What you need to do - Two lines mark the range in the entries below: the one holding "Chevrolet Chevelle Ss Wallpapers" and the one holding "Jericho Israel City". Set down those two and all lines between them, exactly.

Records shown -
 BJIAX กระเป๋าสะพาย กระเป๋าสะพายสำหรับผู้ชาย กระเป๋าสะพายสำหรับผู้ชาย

...

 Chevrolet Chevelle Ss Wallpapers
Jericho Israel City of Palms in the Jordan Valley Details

---

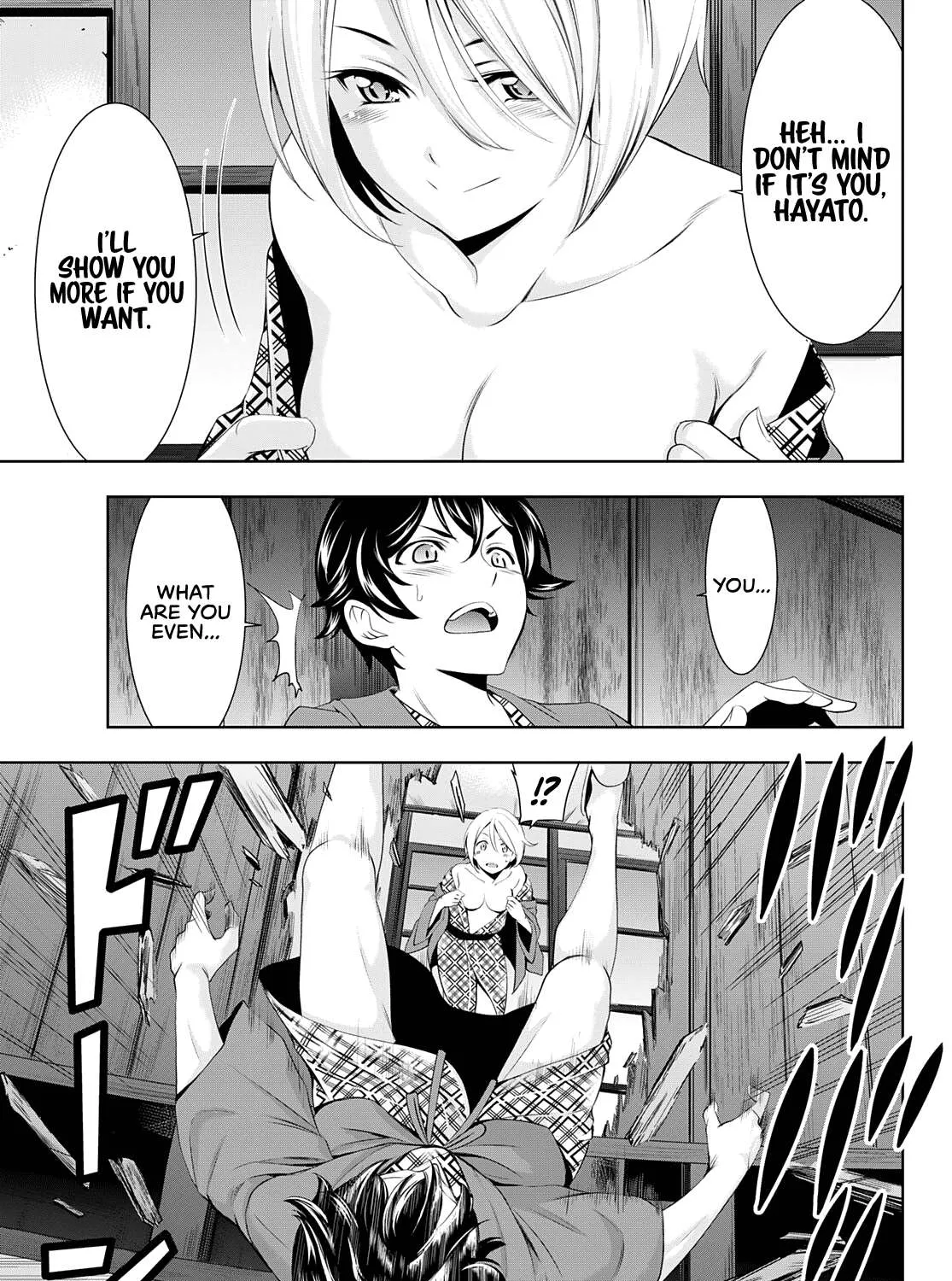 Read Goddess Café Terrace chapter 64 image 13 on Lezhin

Response to the task -
 Chevrolet Chevelle Ss Wallpapers
Jericho Israel City of Palms in the Jordan Valley Details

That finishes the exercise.